(Beginning of Records shown)

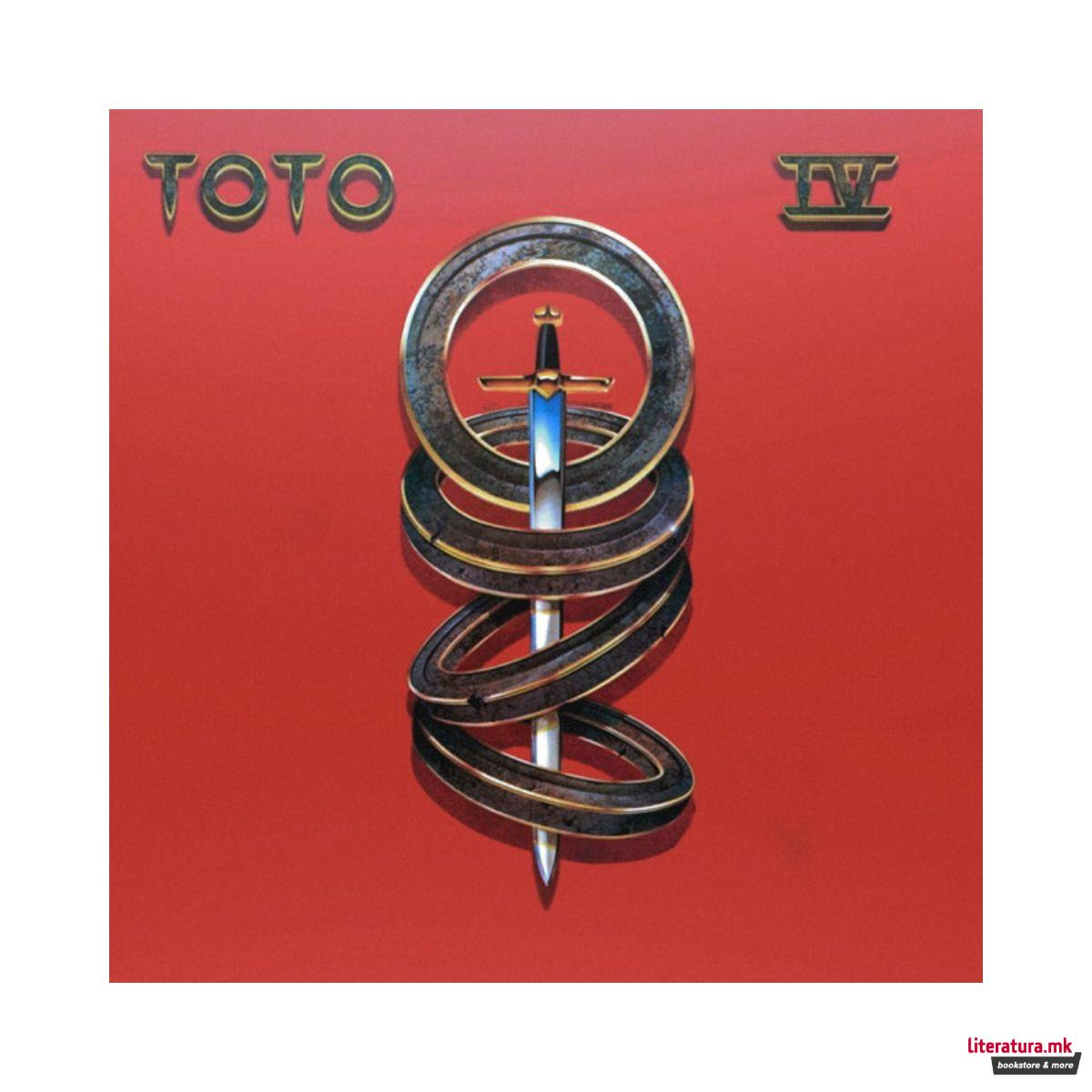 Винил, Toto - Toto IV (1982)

(End of Records shown)
(Beginning of Records shown)

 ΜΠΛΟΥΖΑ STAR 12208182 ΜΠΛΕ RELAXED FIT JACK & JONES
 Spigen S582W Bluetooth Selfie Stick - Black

(End of Records shown)

When you reach the line in the material above that holds "ΜΠΛΟΥΖΑ STAR 12208182", begin reproducing lines exactly, and stop after the line that holds "Spigen S582W Bluetooth Selfie Stick - Black".

Final answer>
 ΜΠΛΟΥΖΑ STAR 12208182 ΜΠΛΕ RELAXED FIT JACK & JONES
 Spigen S582W Bluetooth Selfie Stick - Black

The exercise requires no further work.